Identity Crisis: More Pastors Sign on to Preach Politics From Pulpit

(Earlier post: Evangelical Pastors heed political call for 2012)

This Sunday, more than 400 pastors will be using their pulpits to preach politics and challenge the Internal Revenue Service’s regulations that restrict religious leaders from endorsing candidates and discussing policies with their congregations.

Oct. 2 is Pulpit Freedom Sunday, and this year Alliance Defense Fund and its supporters have quadrupled its participation from last year. Last year, 100 pastors committed to the event, but this year, registration lists are exploding, with 475 pastors who will participate in the event.

On Pulpit Freedom Day, registered pastors are encouraged to videotape themselves speaking to their congregations about the Scripture, politics and political candidates, and mail those videos to the IRS. ADF then stands ready to evaluate IRS complaints and legally represent those churches or ministries whose 501(c)(3) nontaxable status has been threatened in court.
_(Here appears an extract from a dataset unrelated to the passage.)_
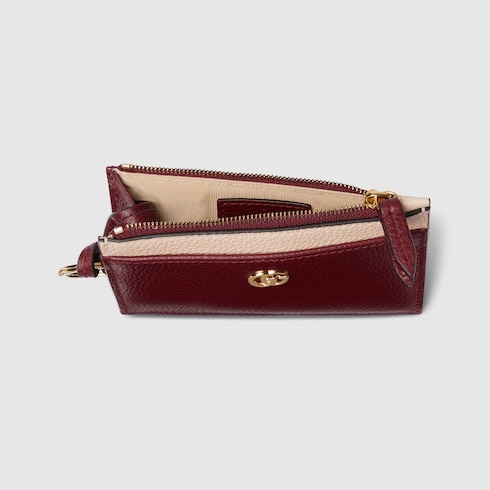 Bi-colour GG Marmont zip key pouch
For some, talking about political issues in church may seem like nothing new. But according to IRS guidelines, it could cause a church or Bible ministry to lose its nontaxable status.

The IRS’ Tax Guide for Churches and Religious Organizations states, “Contributions to political campaign funds or public statements of position (verbal or written) made by or on behalf of the organization in favor of or in opposition to any candidate for public office clearly violates the [section 501(c)(3)] prohibition of political campaign activity” and could result in the revocation of the church’s or organization’s tax-exempt status.

“We believe the IRS regulation is a dumb one; it ought to be done away with,” said Richard Land, pastor and president of the Southern Baptist Convention’s Ethics and Religious Liberty Commission. “It violates the First Amendment.” (full article)

Also in the news today,

One of the most important religious cases disputed in years, involving the separation of church and state, will soon come before the U.S. Supreme Court. The legal battle could change whether or not the federal government can dictate or interfere with church authority.

Arguments in the case, Hosanna-Tabor Evangelical Lutheran Church v. the Equal Employment Opportunity Commission, will be heard Oct. 5. The case centers on “ministerial exception,” which is a law that has been on the books for some 40 years. This “exception” protects churches and other religious groups from discrimination claims against them including issues on hiring and firing employees.

One of the most important arguments that will come before the Supreme Court in the case is whether the government should be allowed to decide which duties are “religious,” and which are not.

Douglas Laycock, the attorney on record representing the Lutheran Church, told The Christian Post that this legal battle is unprecedented and could impact every church in the nation. (full article)

  • We publicly fret about continued religious freedom; freedom (we claim) is needed to ‘preach the gospel’ of Jesus Christ.  But we’re willing to risk that freedom for politics. 
  • We want favor so as to continue benefiting from tax exemptions; the 501(c)(3) nontaxable status . But many are demanding an end to the separation of Church and State. 

Can’t speak to what is occurring around the world but it’s obvious the Church in America is suffering from a full-blown identity crisis. As a whole it no longer recognizes ‘who’ it is or what its purpose is. AND most importantly, it has become detached from Jesus, who is “…the head of the body, the church.”

And brothers and sisters, detached from the ‘Head’ there is no life to be found…


2 comments on “Identity Crisis: More Pastors Sign on to Preach Politics From Pulpit

  1. Perhaps this will open the door for the Republican Party to declare itself a “church” and thus allow their contributors to deduct their contributions. Wouldn’t that be cool. And, after all, both parties have increasingly taken on religious qualities. So if churches can do politics, why can’t political parties do religion? Isn’t it all a matter of first amendment rights? On the other hand, why should anybody have to pay taxes anyway? Just because Jesus said they should?

    • Perhaps this will open the door for the Republican Party to declare itself a “church”…

      Ahaha! I laugh, but at this point nothing would surprise me…not even that. Rick Perry is already being compared to a televangelist.